Reaction to the iPhone concept

I find the new iPhone to be conceptually very interesting. Now, I am very new to the world of PDAs— I have only just started using one, a cast-off Palm Pilot from someone, and already I am thinking of things that it should be able to do but doesn't, or I haven't learned how yet. I suspect that very shortly I will be wondering how I got along without a PDA all these years.

Now, this new iPhone from Apple (I hope that they win the name from Cisco, as I have never ever heard of a Cisco iPhone but the name seems to naturally fit alongside iPod and other Apple products) will apparently be running a version of OSX. I find this very intriguing, because it opens up all sorts of interesting possibilities, including perhaps being able to run MySQL on it, or at least a client, perhaps a small database replicated from a fixed or not-as-mobile source.

At first glance and after hearing various reports, it sounds like a very capable device even without getting under the hood and finding out what makes it tick. Of interest will be what CPU it uses, getting stuff to compile for it, etc.

Sunday, January 14, 2007

A Fork In Progress

It looks like MySQL AB is going about the code fork in a very methodical, gradual, and thoughtful fashion. The latest Community release seems evidence of this. It was released as source-only, as promised, however it was announced that since no community contributions have been made to the community tree, the release was made from the Enterprise tree. In effect, the actual fork has not taken place yet. There is a community tree in evidence in BitKeeper, but it appears to be a placeholder only so far. The changes to date have been with regard to policy and procedure, not code.

I see this as a good thing. This gives MySQL time to evaluate reactions to these changes while implementing them in a gradual fashion. The changes appear well thought out and sound, and reflect changes in the community, the marketplace, and the customer base. It's important to balance all of these factors since they all play a part in the life of the product.

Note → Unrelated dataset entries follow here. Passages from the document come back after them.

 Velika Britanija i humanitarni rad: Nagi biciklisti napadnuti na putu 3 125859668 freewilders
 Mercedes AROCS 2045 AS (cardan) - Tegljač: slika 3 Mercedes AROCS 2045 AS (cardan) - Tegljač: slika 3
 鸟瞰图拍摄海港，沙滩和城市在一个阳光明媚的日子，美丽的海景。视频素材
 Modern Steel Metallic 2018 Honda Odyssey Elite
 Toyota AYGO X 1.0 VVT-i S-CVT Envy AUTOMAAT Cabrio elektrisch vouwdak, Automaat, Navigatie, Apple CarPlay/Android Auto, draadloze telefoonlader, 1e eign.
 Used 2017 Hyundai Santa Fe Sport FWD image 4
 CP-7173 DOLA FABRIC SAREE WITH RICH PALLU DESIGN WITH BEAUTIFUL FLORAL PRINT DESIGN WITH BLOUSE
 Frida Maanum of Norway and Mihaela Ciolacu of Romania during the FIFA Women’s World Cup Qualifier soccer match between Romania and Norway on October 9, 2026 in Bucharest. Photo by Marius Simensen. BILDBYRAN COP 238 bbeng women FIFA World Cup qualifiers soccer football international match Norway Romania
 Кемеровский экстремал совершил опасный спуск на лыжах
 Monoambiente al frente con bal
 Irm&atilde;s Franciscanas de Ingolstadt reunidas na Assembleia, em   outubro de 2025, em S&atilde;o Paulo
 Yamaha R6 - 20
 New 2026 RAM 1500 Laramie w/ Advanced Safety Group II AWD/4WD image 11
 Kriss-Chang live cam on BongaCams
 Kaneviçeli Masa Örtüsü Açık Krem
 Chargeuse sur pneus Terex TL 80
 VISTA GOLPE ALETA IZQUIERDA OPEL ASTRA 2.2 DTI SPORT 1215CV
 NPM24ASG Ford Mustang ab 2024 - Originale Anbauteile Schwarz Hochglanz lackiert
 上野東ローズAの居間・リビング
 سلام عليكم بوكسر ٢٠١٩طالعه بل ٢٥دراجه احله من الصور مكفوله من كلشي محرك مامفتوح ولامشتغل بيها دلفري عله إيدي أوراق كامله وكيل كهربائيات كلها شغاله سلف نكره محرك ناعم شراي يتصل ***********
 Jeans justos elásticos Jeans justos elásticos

Knowing who the community user is, and who the enterprise user is, is important too. The focus should be on prioritizing catering to the needs of larger groups first, with the knowledge that some may not see their needs met directly. But this is an open-source product, so surely someone can rise to the occasion and fulfill a niche need.

Monday, January 08, 2007

New Bitkeeper client, old one broke

As has been pointed out, there is a new version (2.0) of the free BitKeeper client, and furthermore the old one (version 1.1) appears not to work anymore. At first I suspected my daughter's hogging of available bandwidth as the culprit when all of my daily pulls of MySQL source trees failed, but that soon proved not to be the case. I am once again pulling source code successfully.